### Directions
Your answer must be an exact copy of the listing that follows, with all pictures omitted.
***** Available data *****
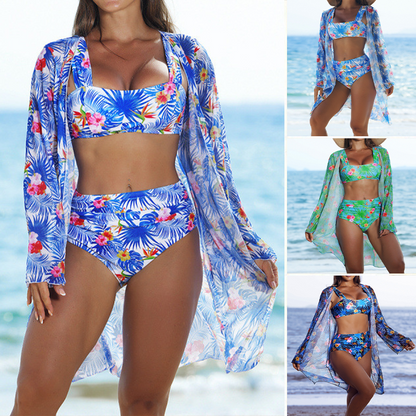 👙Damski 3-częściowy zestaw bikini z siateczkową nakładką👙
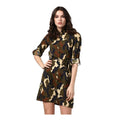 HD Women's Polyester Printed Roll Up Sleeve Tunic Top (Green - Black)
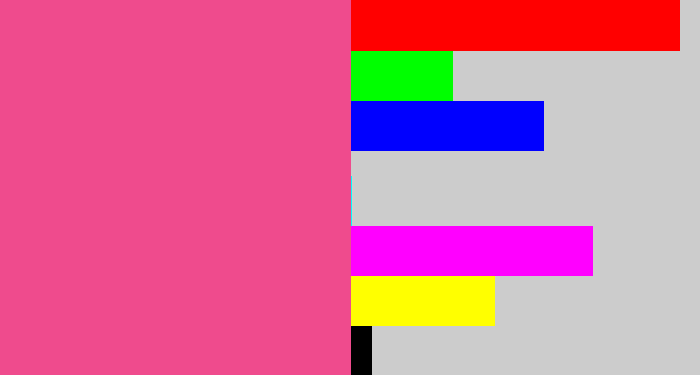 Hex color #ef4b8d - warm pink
*****
### Task result
 👙Damski 3-częściowy zestaw bikini z siateczkową nakładką👙
 HD Women's Polyester Printed Roll Up Sleeve Tunic Top (Green - Black)
 Hex color #ef4b8d - warm pink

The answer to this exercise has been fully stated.